◆ WORK INSTRUCTIONS
Your output should be the lines from the one containing "Dolce&Gabbana Cyclamen Pink" through the end of the listing, exact and inclusive, with no pictures.

◆ EXTRACTED ENTRIES

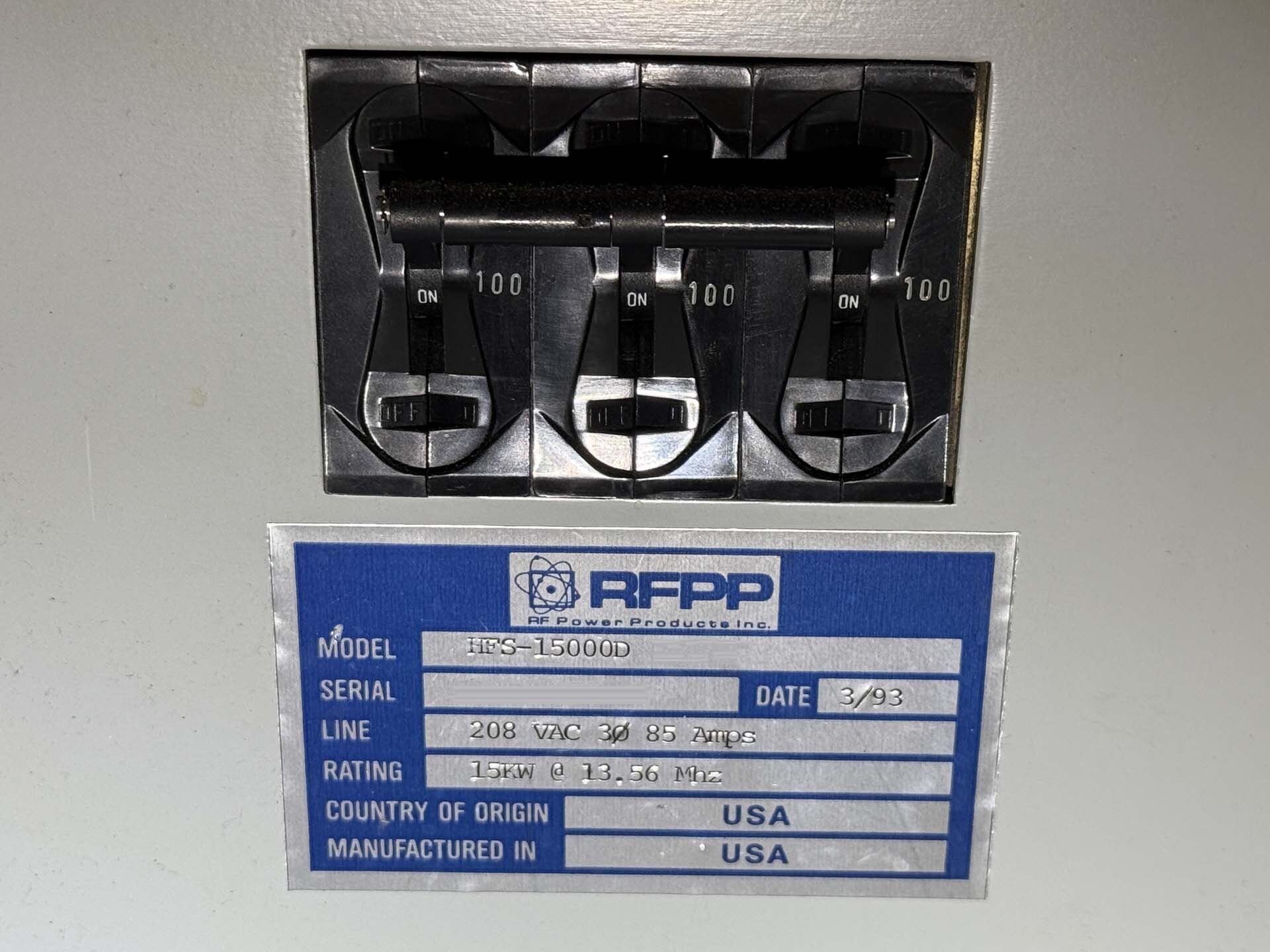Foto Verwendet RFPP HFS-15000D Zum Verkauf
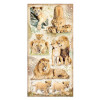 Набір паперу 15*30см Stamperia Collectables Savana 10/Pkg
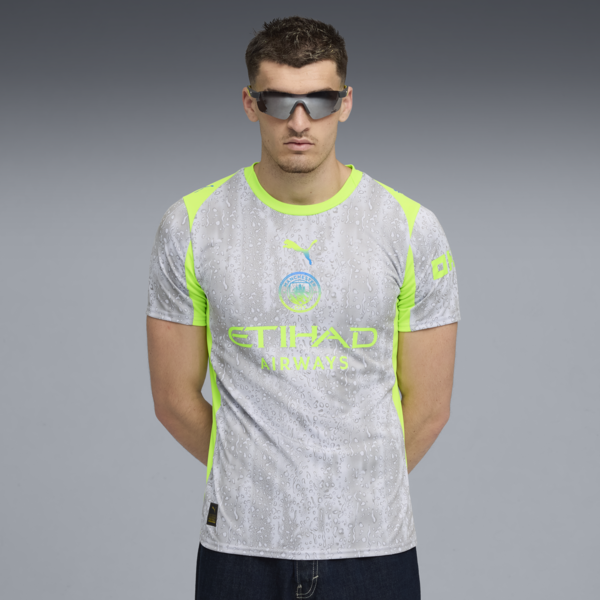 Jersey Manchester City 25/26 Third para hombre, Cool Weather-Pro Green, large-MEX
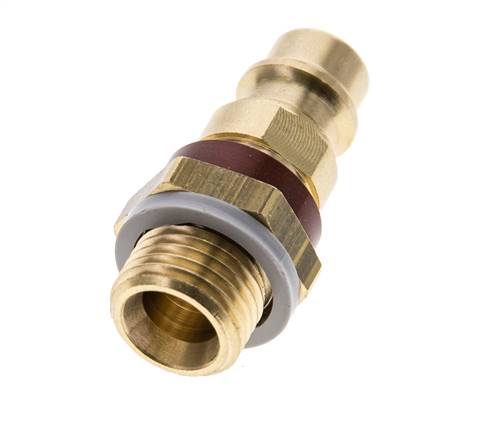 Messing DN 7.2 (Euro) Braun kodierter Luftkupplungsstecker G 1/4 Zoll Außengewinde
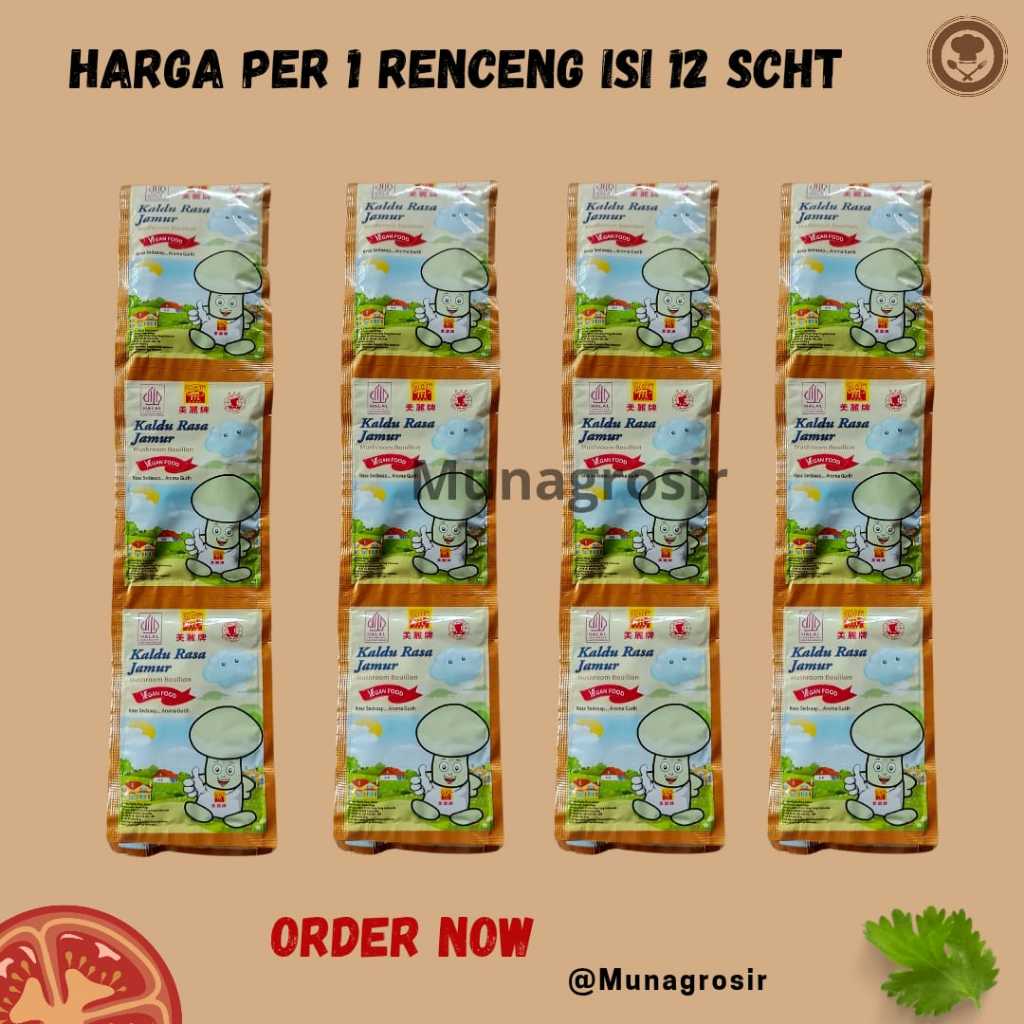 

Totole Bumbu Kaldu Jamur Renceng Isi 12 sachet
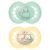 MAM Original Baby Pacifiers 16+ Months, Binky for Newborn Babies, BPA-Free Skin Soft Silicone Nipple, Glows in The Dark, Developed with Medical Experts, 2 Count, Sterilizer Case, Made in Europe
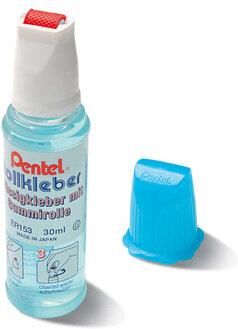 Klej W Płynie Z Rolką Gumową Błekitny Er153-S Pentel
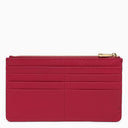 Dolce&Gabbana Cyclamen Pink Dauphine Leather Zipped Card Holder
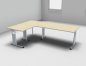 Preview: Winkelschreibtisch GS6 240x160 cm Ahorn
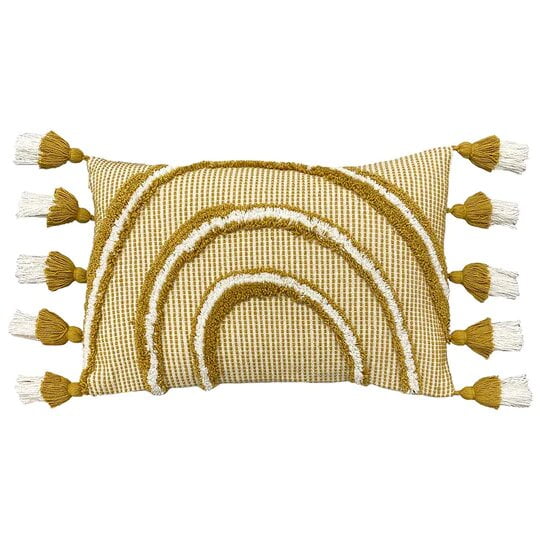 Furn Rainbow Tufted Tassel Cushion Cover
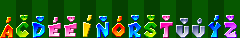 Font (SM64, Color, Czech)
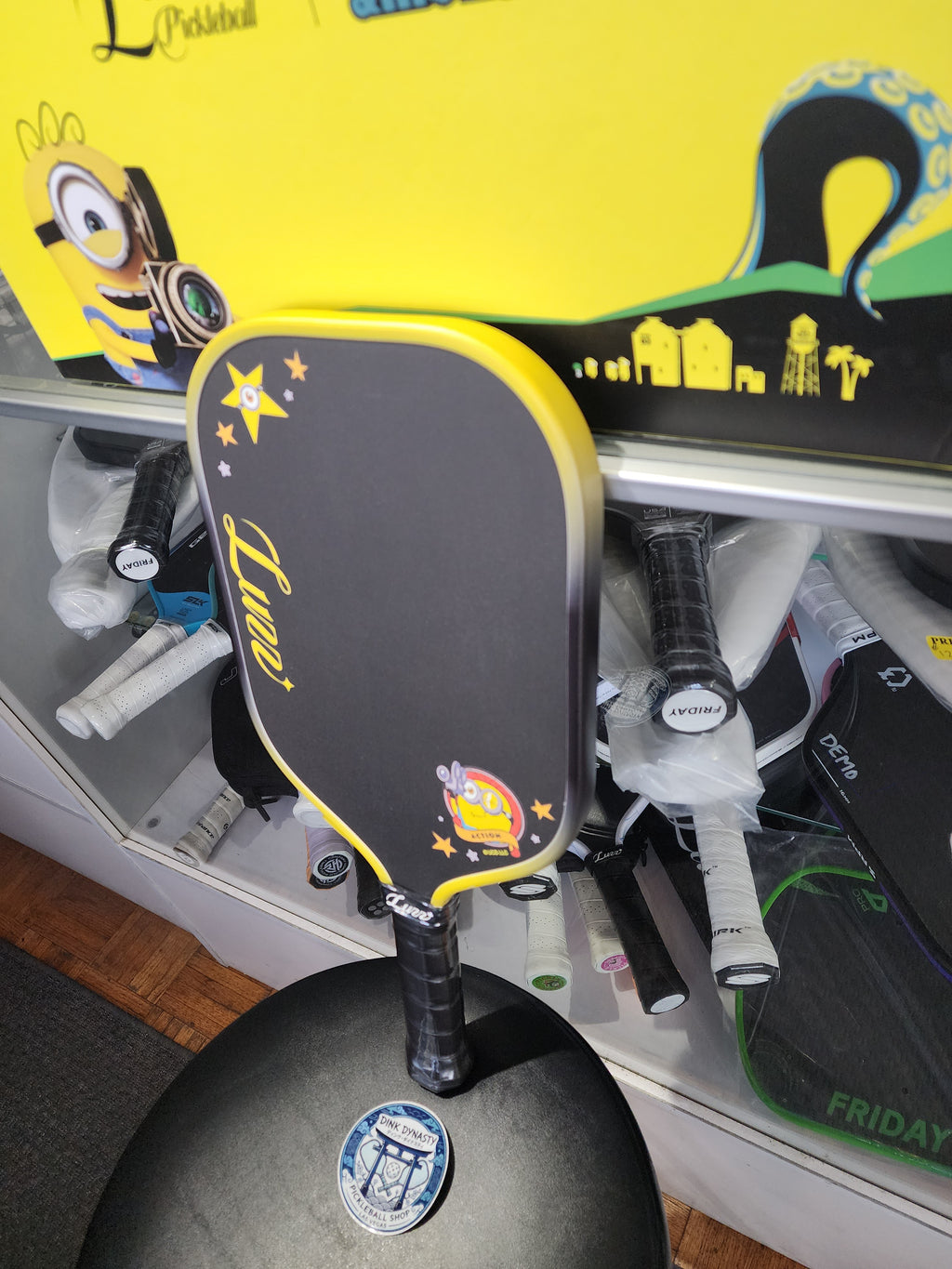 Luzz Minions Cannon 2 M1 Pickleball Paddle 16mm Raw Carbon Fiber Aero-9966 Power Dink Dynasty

◆ EXPECTED OUTPUT
 Dolce&Gabbana Cyclamen Pink Dauphine Leather Zipped Card Holder
 Preview: Winkelschreibtisch GS6 240x160 cm Ahorn
 Furn Rainbow Tufted Tassel Cushion Cover
 Font (SM64, Color, Czech)
 Luzz Minions Cannon 2 M1 Pickleball Paddle 16mm Raw Carbon Fiber Aero-9966 Power Dink Dynasty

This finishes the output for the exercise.